Artikel 3 Maatstaf van heffing

  • 1. De rioolheffing kleinverbruik wordt geheven per eigendom.

  • 2. De rioolheffing grootverbruikwordt geheven naar het aantal kubieke meters afvalwater dat vanuit het eigendom wordt afgevoerd.

  • 3. Het aantal kubieke meters afvalwater wordt gesteld op het aantal kubieke meters water dat in de laatste in het belastingjaar afgesloten verbruiksperiode naar het eigendom is toegevoerd of is opgepompt. Ingeval de verbruiksperiode niet gelijk is aan een periode van twaalf maanden, wordt de hoeveelheid water door herleiding naar tijdsgelang bepaald op een hoeveelheid behorende bij een periode van twaalf maanden.
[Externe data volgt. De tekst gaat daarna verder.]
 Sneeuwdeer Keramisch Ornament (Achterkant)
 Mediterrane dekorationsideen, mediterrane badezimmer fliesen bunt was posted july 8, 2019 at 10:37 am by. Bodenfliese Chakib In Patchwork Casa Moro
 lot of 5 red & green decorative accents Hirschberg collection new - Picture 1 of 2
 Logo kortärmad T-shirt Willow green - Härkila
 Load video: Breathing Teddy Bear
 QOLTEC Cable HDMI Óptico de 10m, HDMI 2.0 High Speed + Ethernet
Bij die herleiding wordt een gedeelte van een kalendermaand voor een volle maand gerekend.

  • 4. Indien het gebruik van een eigendom door de belastingplichtige in de loop van het belastingjaar is aangevangen of beëindigd, wordt in afwijking van het derde lid het aantal kubieke meters afvalwater gesteld op het aantal kubieke meters water dat in de laatste in het belastingjaar afgesloten verbruiksperiode die betrekking heeft op het gebruik door de belastingplichtige, naar het eigendom is toegevoerd of is opgepompt. De hoeveelheid water wordt, na toepassing van de tweede en derde volzin van het derde lid, door herleiding naar tijdsgelang bepaald op een hoeveelheid behorende bij een periode die gelijk is aan de periode gedurende welke de belastingplichtige in het belastingjaar het gebruik heeft van het eigendom. Bij die herleiding worden gedeelten van een kalendermaand buiten aanmerking gelaten.
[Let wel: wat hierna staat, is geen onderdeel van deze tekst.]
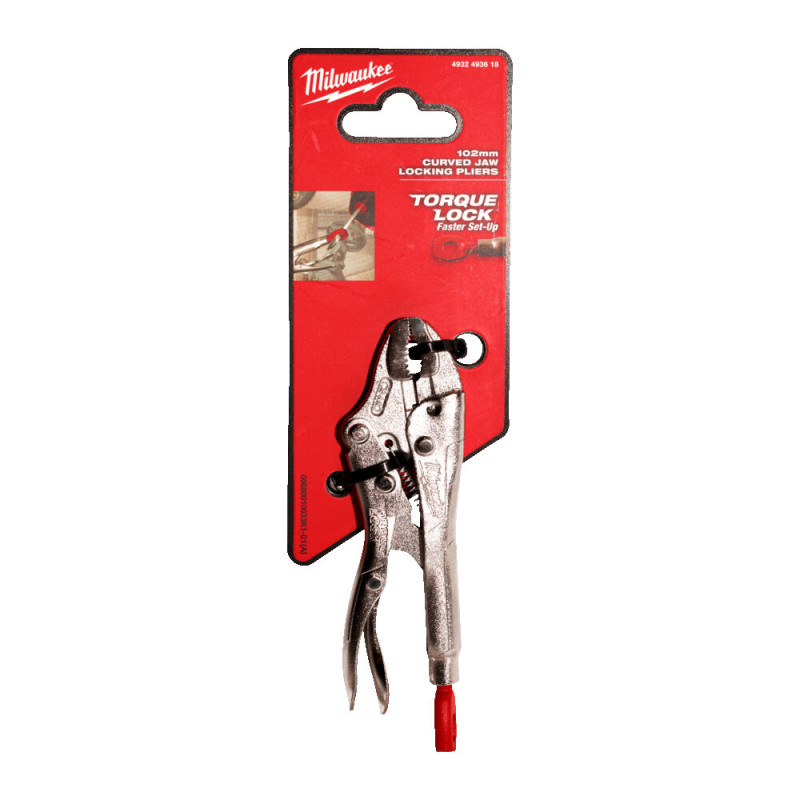 Купити Затискач Torque Lock MILWAUKEE, діаметр 18мм, (закруглені губки), 72мм. Офіційний магазин Мілвокі Україна, фірмова гарантія з доставкою по Украіні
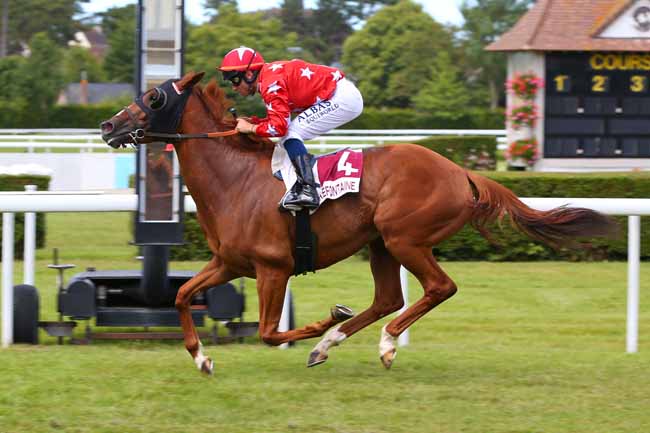 Photo d'arrivée de la course pmu PRIX DU BAR A CHAMPAGNE MUMM (PRIX DES TRIBUNES) à CLAIREFONTAINE le Vendredi 1 juillet 2022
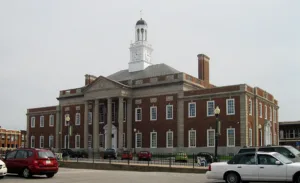 The Jackson County Courthouse located in Independence Missouri. 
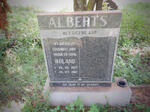 ALBERTS Roland 1937-1987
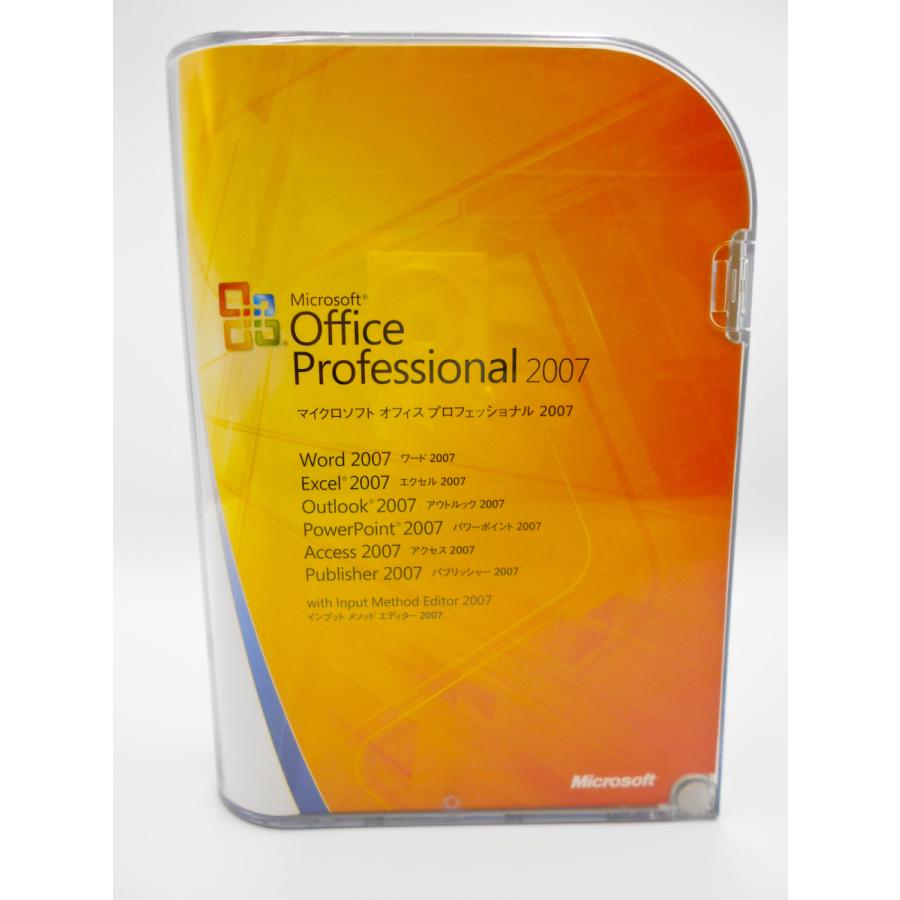 新品 Microsoft Office 2007 Professional 通常版パッケージ 日本語版未開封 プロ PRO ワード エクセル パワーポイント Windows版｜rakupcshop｜02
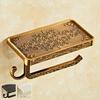 Toilet Paper Holder Phone Shelf Wall Mounted Vintage Classic Bathroom Antique Roll Tissue Box Bathroom Accessories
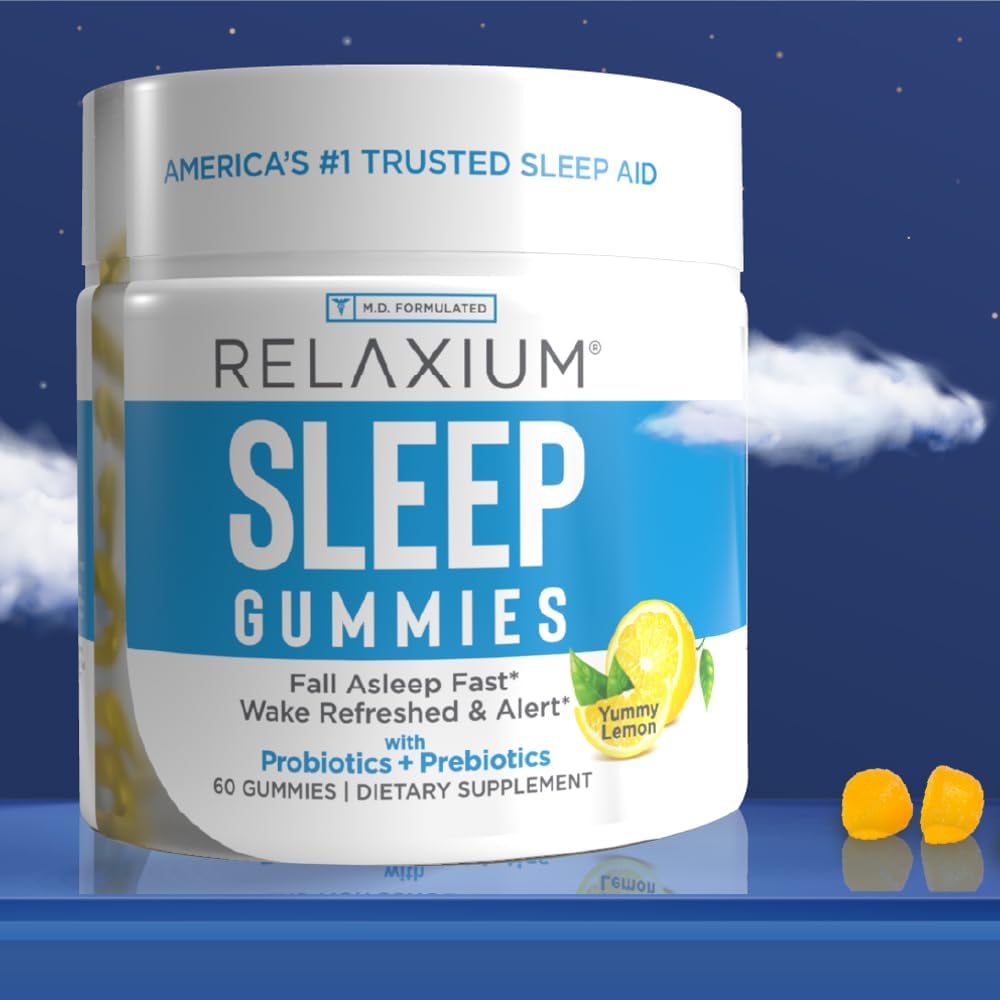 Relaxium Sleep Gummy, Sleep Aid Support 60 gummies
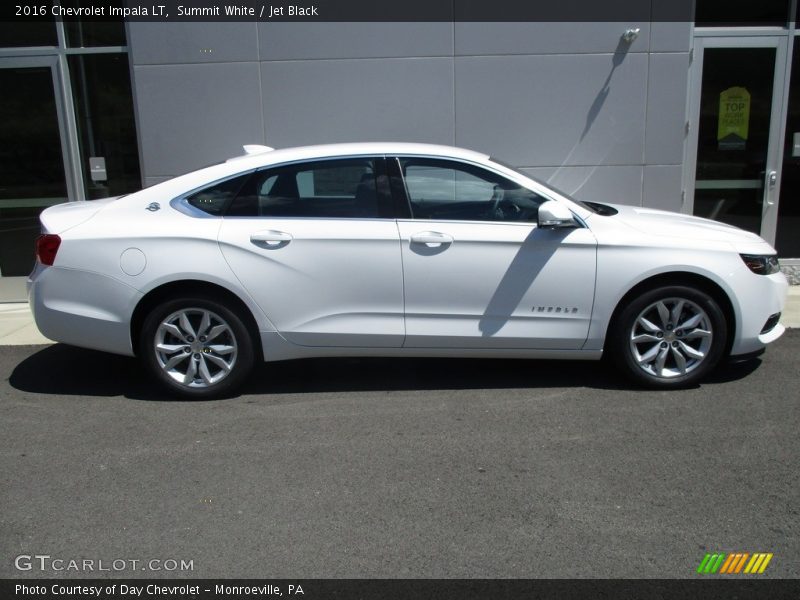 Summit White / Jet Black 2016 Chevrolet Impala LT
  • 5. Indien gedurende het belastingjaar geen verbruiksperiode die betrekking heeft op het gebruik door de belastingplichtige is afgesloten, wordt de hoeveelheid afvalwater met toepassing van het derde of vierde lid bepaald op het aantal kubieke meters water dat in de eerste na afloop van het belastingjaar afgesloten verbruiksperiode naar het eigendom is toegevoerd of is opgepompt .
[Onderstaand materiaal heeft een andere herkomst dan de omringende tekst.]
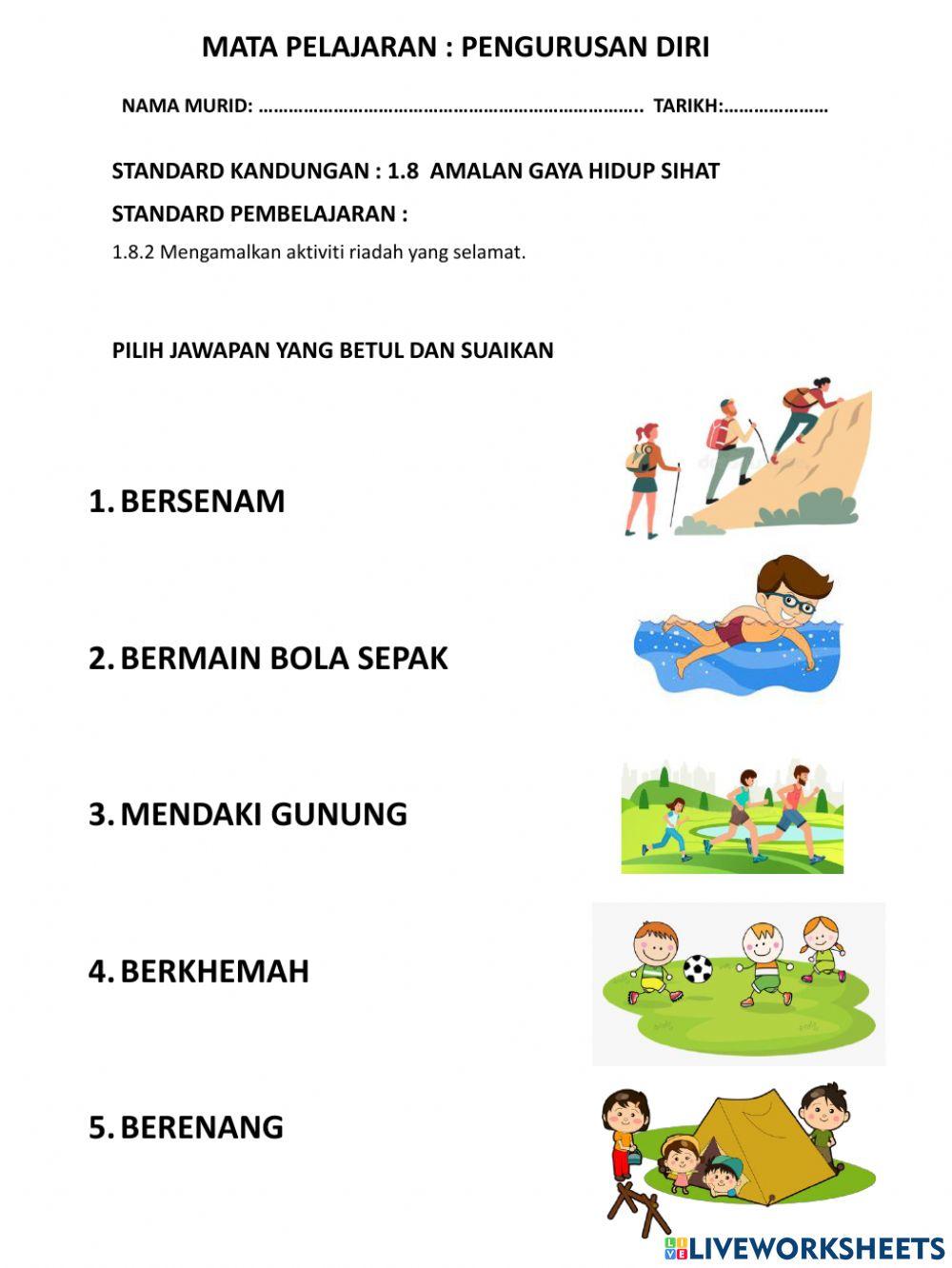 Amalan gaya hidup sihat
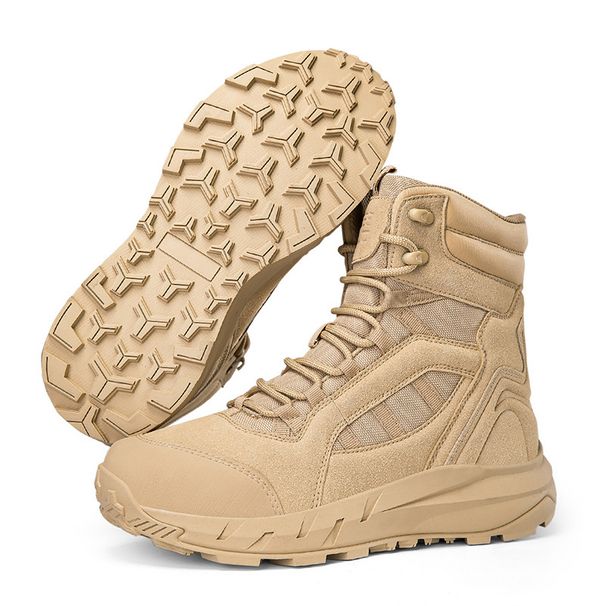 Outdoor High Top Jungle Combat Men's Boots Hiking Shoes Camping Desert Boots Combat Boots_vogvips.com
  • 6. Ingeval gebruik wordt gemaakt van een pompinstallatie moet die pompinstallatie zijn voorzien van een:

    • a.

      watermeter, waarvan de hoeveelheid opgepompt water kan worden afgelezen,

      of

    • b.

      bedrijfsurenteller, waarvan het aantal uren dat een pompinstallatie met vaste capaciteit in bedrijf is geweest kan worden afgelezen.

      De eerste volzin is niet van toepassing indien vaststelling van de hoeveelheid opgepompt water geschiedt op grond van enige andere wettelijke bepaling.

  • 7. Ingeval er sprake is van een gemeenschappelijke watermeter voor meer eigendommen, dan wordt de hoeveelheid toegevoerd water voor ieder van die eigendommen gesteld op een aandeel dat rechtevenredig is aan het aantal eigendommen dat op de watermeter is aangesloten.

  • 8. De op de voet van het derde, vierde of vijfde lid berekende hoeveelheid toegevoerd of gepompt water wordt verminderd met de hoeveelheid water die niet als afvalwater is afgevoerd.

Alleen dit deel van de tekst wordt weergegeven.